1h ago · May 28, 2026 · 3 min read

Why It Matters

The outcome of a major federal election law case could reshape how states manage voter rolls before federal elections nationwide. If the U.S. Supreme Court sides with the Trump administration and the Republican National Committee, states would gain broader authority to remove voters from registration lists in the weeks immediately preceding an election — a change with potential implications for the 2028 presidential race.

What Happened

The U.S. Department of Justice formally asked the Supreme Court on Tuesday to take up a legal dispute pitting the Republican National Committee against Democratic Party organizations and voting rights groups over several voting restrictions in Arizona.

At the center of the case is whether Arizona’s proof-of-citizenship requirements for voter registration — and the state’s use of a federal database to screen voter rolls for possible noncitizens — conflict with the National Voter Registration Act of 1993. That federal law prohibits systematic purges of voter rolls within 90 days of a federal election.

The U.S. Ninth Circuit Court of Appeals previously ruled that Arizona’s law violates the NVRA. The Justice Department is now asking the Supreme Court to reverse that ruling, arguing the appeals court’s decision strips states of flexibility they are entitled to when enforcing their own voter qualification standards.

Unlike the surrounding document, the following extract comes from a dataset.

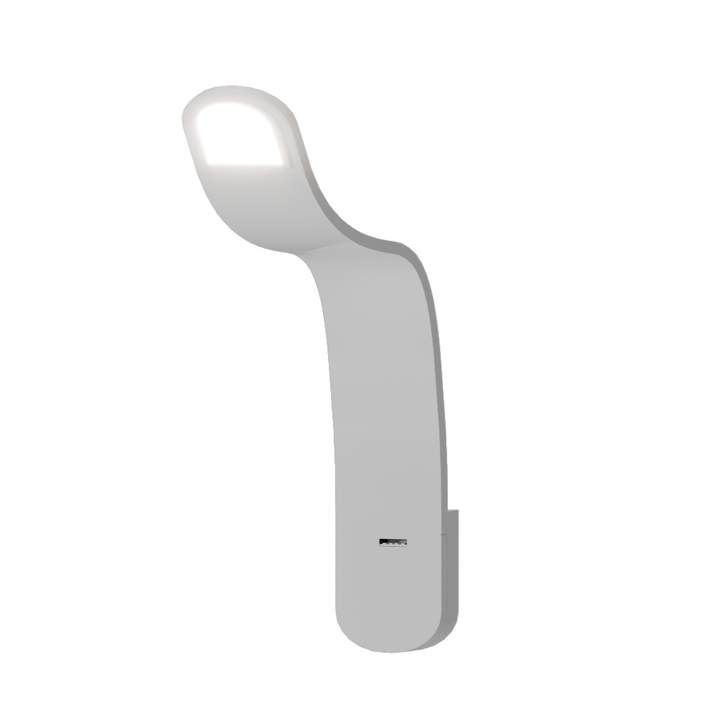 LED lampa BED CONCEPT 2 bílá, 1 ks 1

Arizona currently requires residents to submit documentation — such as a passport or birth certificate — to vote in state elections. Those who use a federal registration form without providing such documents are limited to voting in federal elections only. State law also directs election officials to run those federal-only registrants through a Department of Homeland Security verification system designed to flag potential noncitizens.

By the Numbers

  • 90 days: The window before a federal election during which the NVRA restricts systematic voter roll removals.
  • 1,600+: Voter registrations canceled in Virginia during a 2024 pre-election purge ordered by then-Governor Glenn Youngkin; documented cases showed U.S. citizens were among those removed.
  • 1993: Year Congress enacted the National Voter Registration Act, which governs registration procedures and pre-election removal limits.
  • 2028: The earliest presidential election that could be directly affected by a Supreme Court ruling in the case.

The Arguments

RNC Chairman Joe Gruters framed the case in straightforward terms. “Federal law is clear: only U.S. citizens have the right to vote in American elections,” he said in a public statement.

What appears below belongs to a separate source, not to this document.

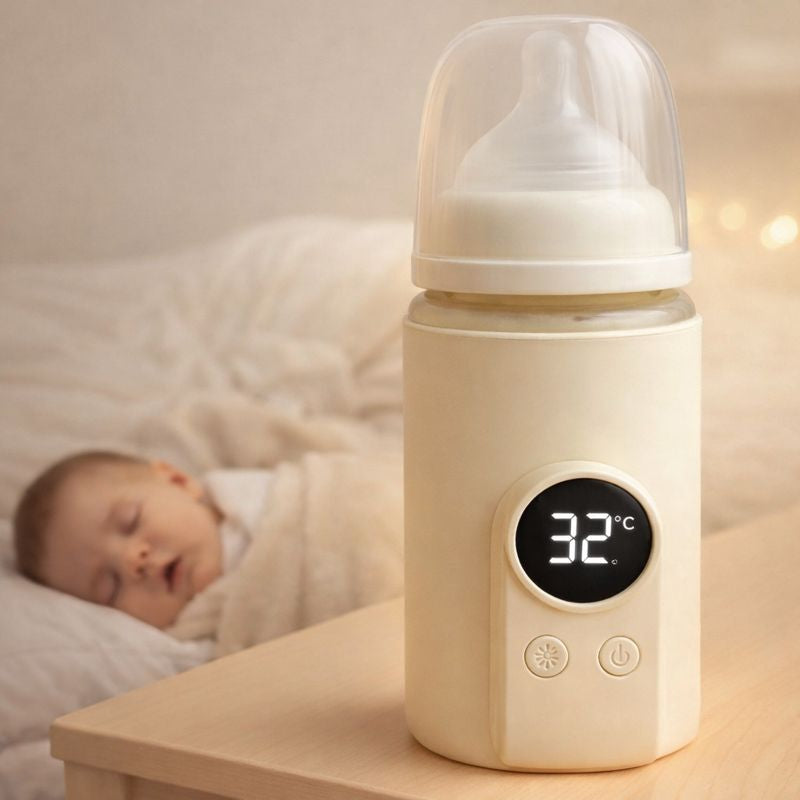 הבקבוק המחמם שלנו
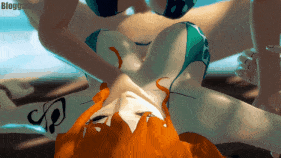 新作-[BloggameH]-FUTA Robin x Nami-第8张图片-萌站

Opponents of the Arizona law, including the Democratic National Committee and the Arizona Democratic Party, counter that Congress specifically designed the 90-day restriction to give eligible voters sufficient time to contest erroneous removals before casting ballots. “States cannot circumvent the limits on systematic removals that Congress put in place,” they argued in a brief filed the same day.

A key concern involves the SAVE system — Systematic Alien Verification for Entitlements — a Department of Homeland Security program originally built to verify individual eligibility for government benefits. The Trump administration has expanded its capabilities, enabling it to cross-check millions of names simultaneously against federal citizenship records. Several Republican-led states have already uploaded their voter rolls to SAVE in search of potential noncitizens.

Critics warn the system generates errors. Justin Levitt, a law professor at Loyola Marymount University who previously advised the Biden White House on voting policy, noted that matching large databases always produces mistakes. “If you execute this systemic list maintenance two days before the election, those mistakes are going to keep eligible voters from voting,” Levitt said in public remarks.

Zoom Out

The Arizona case arrives as election administration has become a major national flashpoint. The SAVE Act — part of President Trump’s broader elections legislation — would require proof of citizenship for federal voter registration, but the measure has stalled in Congress. A favorable Supreme Court ruling in the Arizona dispute could effectively advance some of those same policy goals through the courts rather than legislation. The issue is also playing out in state-level elections across the country, where voter eligibility and election integrity rules continue to shape primary and general election dynamics.

What’s Next

The Supreme Court has not yet agreed to hear the case. If the justices accept it, a ruling would likely arrive before the 2028 presidential election. The court’s decision could set a national precedent on how broadly states may use federal databases to screen voter rolls and how close to an election such reviews may take place.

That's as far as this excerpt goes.